While obtaining a permit may seem easy, there are a lot of obstacles. For one, permits aren’t guaranteed if requested. In Shawnee, OK, the city has stopped giving permits to food-sharing programs.

They can also be extremely costly. In Raleigh, NC, a permit to distribute food in the park costs $800 a day. In Sacramento, CA, a proposed legislation has a permit costing up to $1,250, and groups are limited to four permits per year.

Not obtaining a permit can be pricey, too. In Houston, TX, groups that do not have city permission to feed homeless people can be fined up to $2,000. In Daytona Beach, FL, Chico, CA, Olympia, WA, and Myrtle Beach, SC, those without permits could face jail time.

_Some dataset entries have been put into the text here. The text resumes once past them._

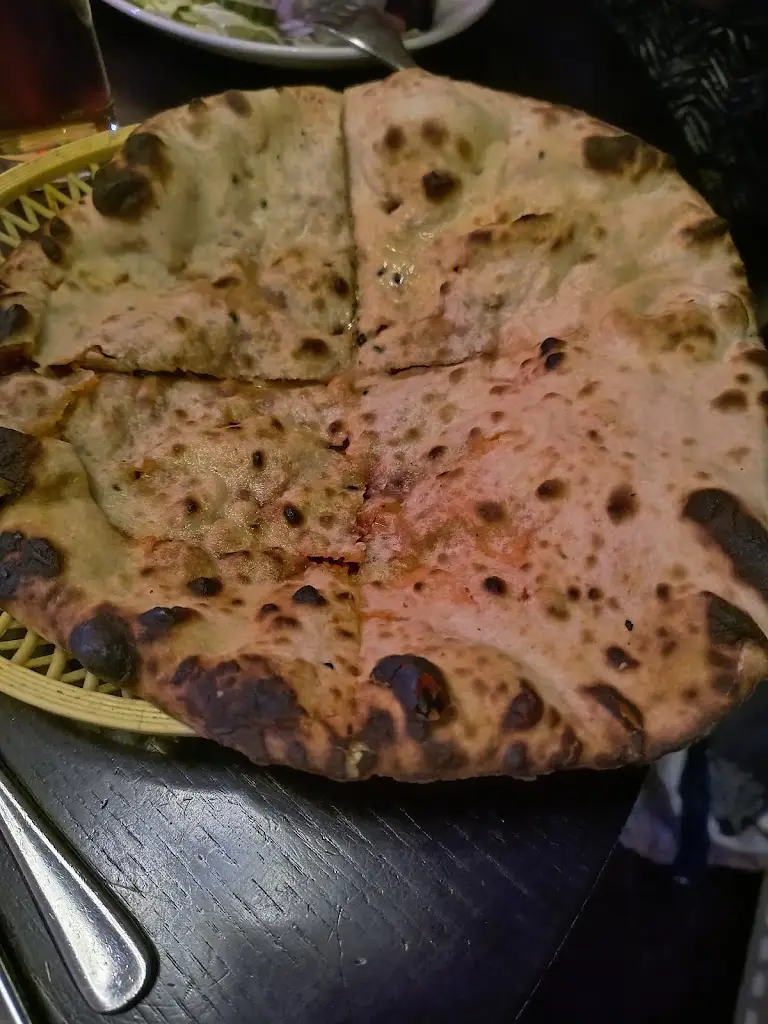 Menu_The Royal Darbar_Bilston_immagine_6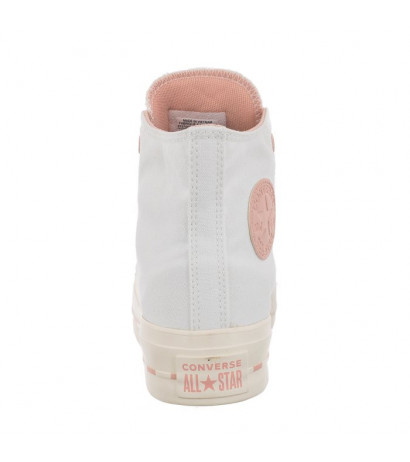 Converse CT All Star Lift Hi White/Egret/Pink Clay 572709C (CO531-a) kingad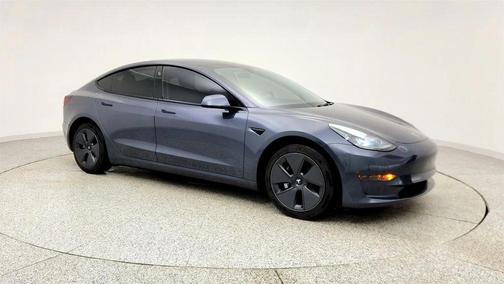 2023 Tesla Model 3 Standard Range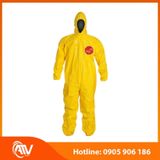  Quần áo chống hóa chất Dupont Tychem C 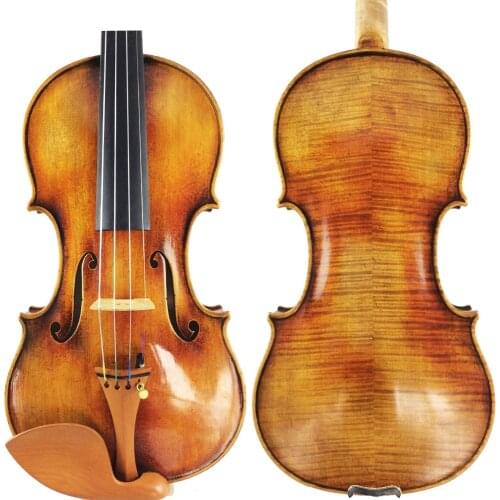 Beautiful Violin Beautiful Violin Violin Professional 1742 Model Violin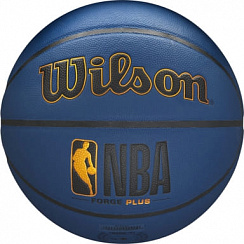 Мяч Wilson NBA Forge Plus АРТ.Wtb8102xb07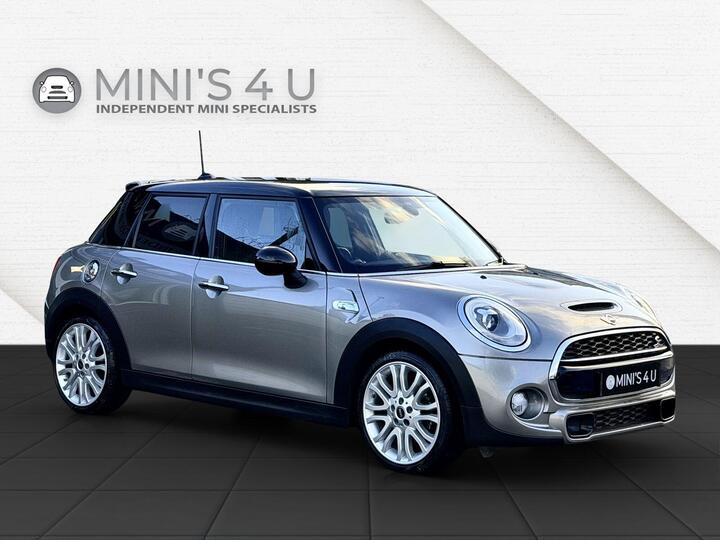 MINI Hatch 2.0 Cooper S Euro 6 (s/s) 5dr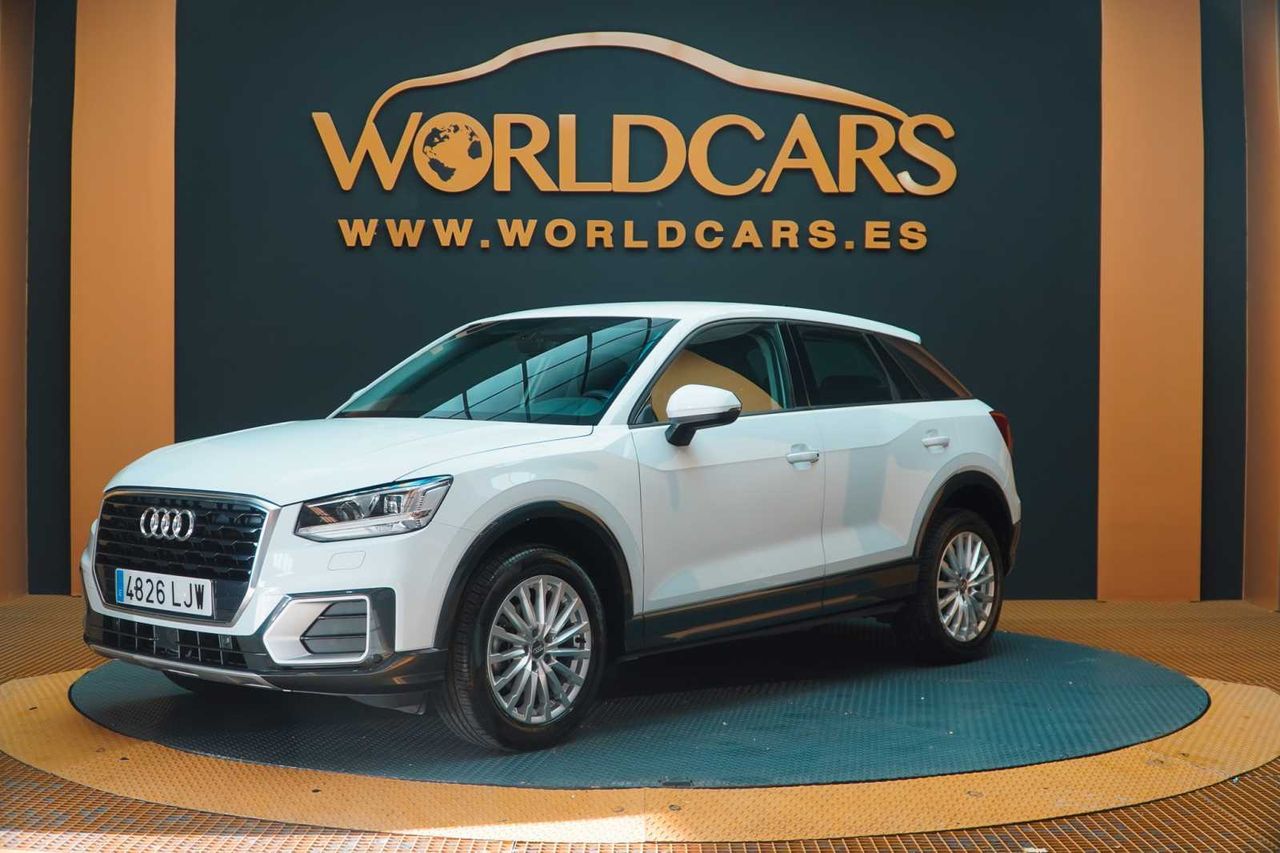 Audi q2  de segunda mano - audi q2 2020 /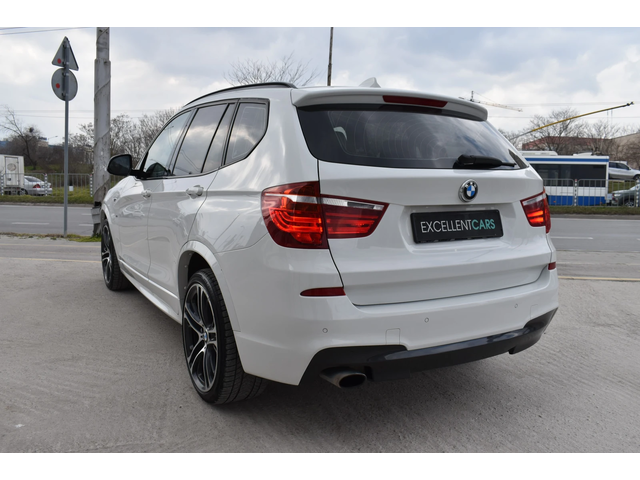 BMW X3 M-PACK - автомобили, коли, обяви за нови и употребявани 3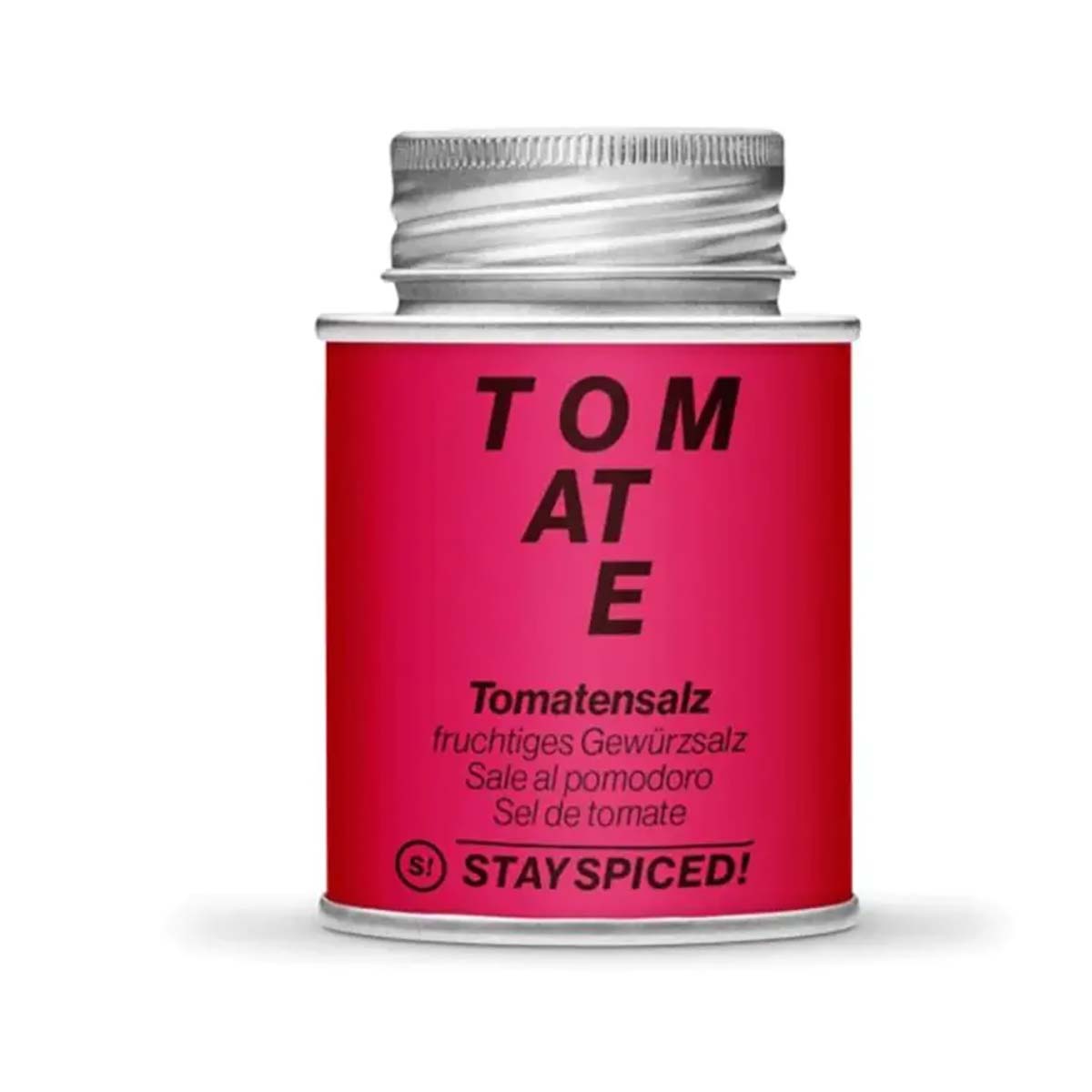 STAY SPICED !  Tomatensalz | 110 g
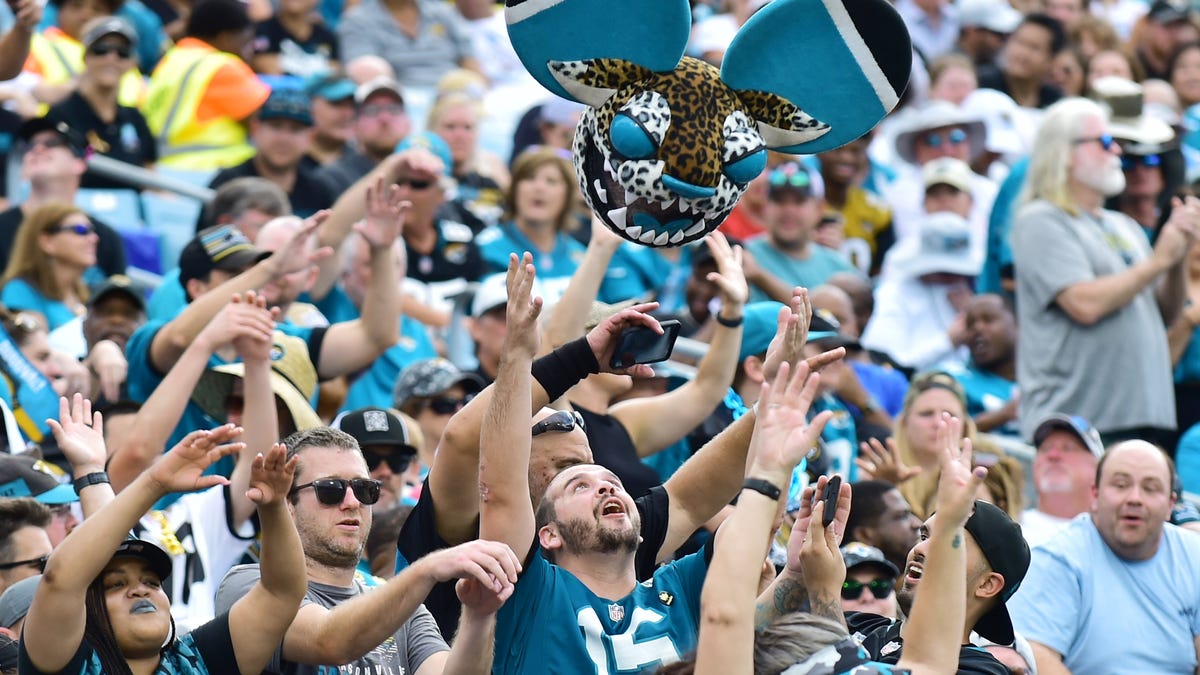 NFL football 2022 Indianapolis Colts at Jacksonville Jaguars, TIAA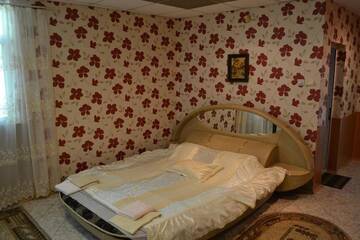 Фото номера Люкс с 1 спальней Отель Hotel Rade 1 г. Vratsa 9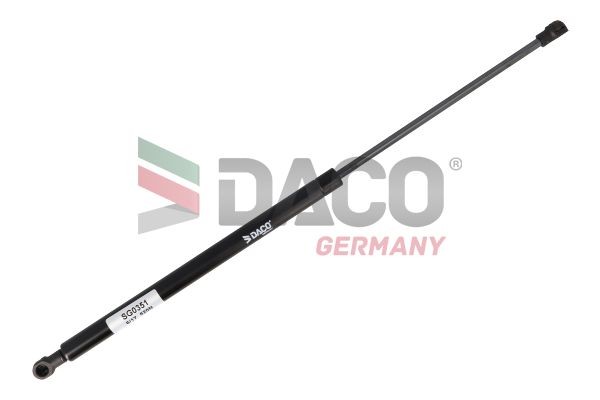 DACO Germany Tailgate strut Article number: SG0351 cheaply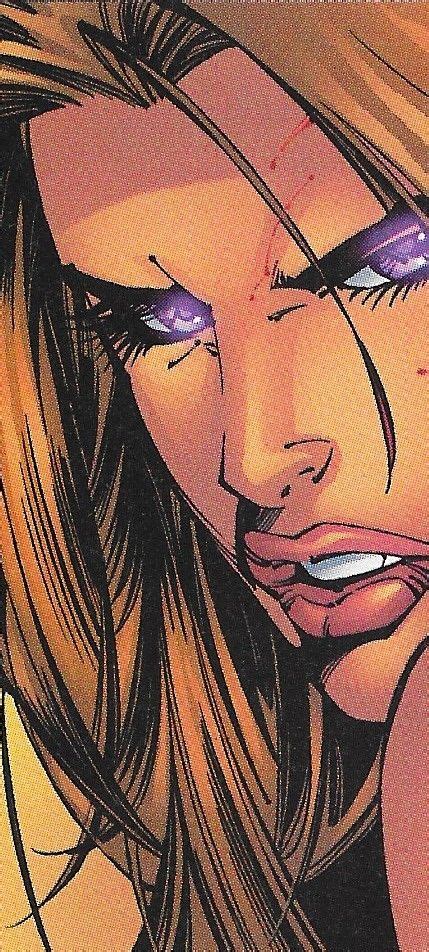 102 Best Character Sara Pezzini Witchblade Images On Pinterest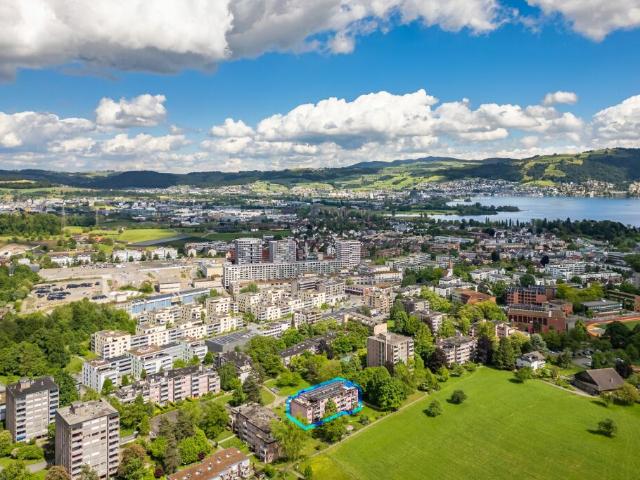 Wohnung kaufen in Cham, Zug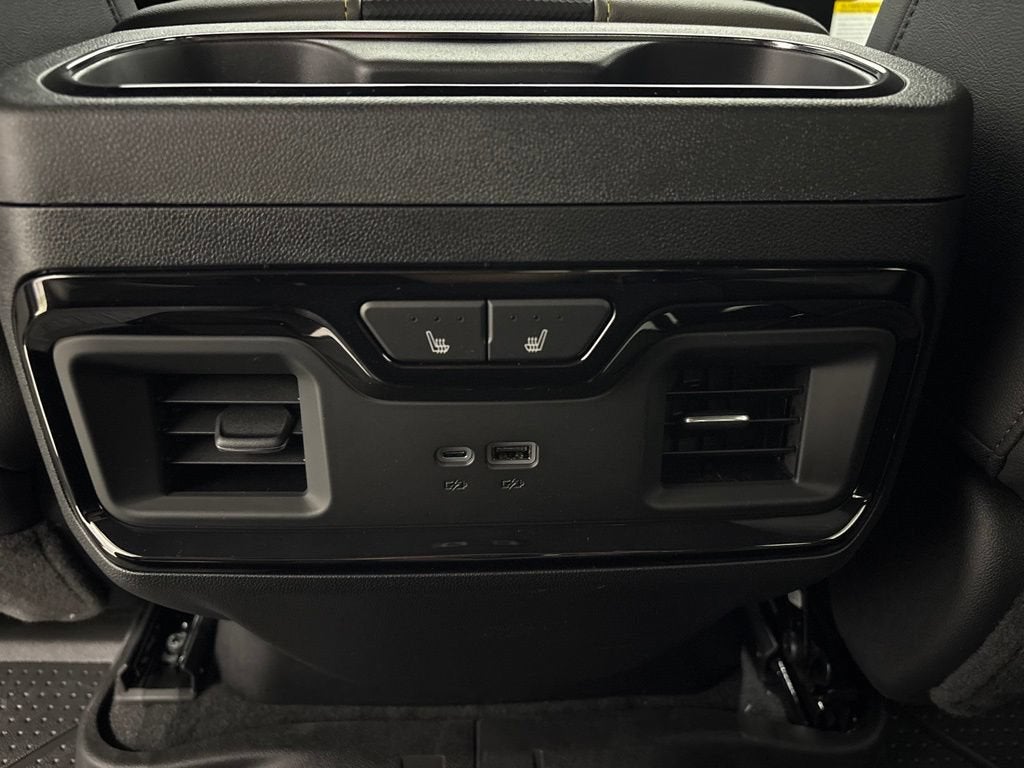 2026 Chevrolet Silverado 2500 HD ZR2 Crew Cab Standard Box 4WD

That's the reason the Jimenez family in Daytona Beach had to stop.

In addition to requiring permits, some cities are also requiring programs to adhere to food-safety regulations. In Salt Lake City, UT, food-sharing programs are required to have a food handler’s permit. While some city officials claim the standard is well intentioned, the coalition quoted a member of the ACLU saying, “If food safety really was an issue, then what about things like family reunions in parks.”

Restrictions on food-sharing programs sometimes come from the bottom up, with community members pressuring groups to end their services or the city to regulate it. Residents have complained about homeless people near their property, public urination or an increase in trash.

The coalition quoted one Los Angeles resident who said, “If you give out free food on the street with no other services to deal with the collateral damage, you get hundreds of people beginning to squat. They are living in my bushes and they are living in my next-door neighbor’s crawl space. We have a neighborhood which now seems like a mental ward.”

While legislation in Los Angeles has been proposed to ban food-sharing programs, community pressure has already been effective in restricting the programs in five other cities, including Seattle, WA.

Defending the Right to Food

The National Coalition for the Homeless concludes its report by explaining possible avenues for fighting back against food-sharing restrictions. They have already seen success in Albuquerque, NM, where three people filed a civil lawsuit against the city, claiming that their First and Fourth Amendment rights had been violated because feeding homeless people was part of their religious expression. They won more than $100,000 in a settlement.

In St. Augustine, FL, city officials worked with food-sharing groups to secure a location in the downtown area to serve homeless people.

“Every city should walk a mile in the shoes of a homeless person and find out how difficult it is to get a meal three times a day, seven days a week that are nutritious,” Michael Stoops said, adding that they should create more indoor meal programs in convenient, downtown areas of cities. “If a city did that, there would be fewer people having to wait in the parks relying on Good Samaritans. And then for those still in the parks, we still have a moral obligation to share food with them.”

After a decade, the United States, in 2009, finally joined the rest of the United Nations in declaring a Right to Food. The coalition states, “Laws and restrictions [of food-sharing] violate that right.”

“We are looking at the strategies of litigation, at organizing boycotts, as a way to keep these ordinances from being enforced,” Stoops said. “We are not going to give up.”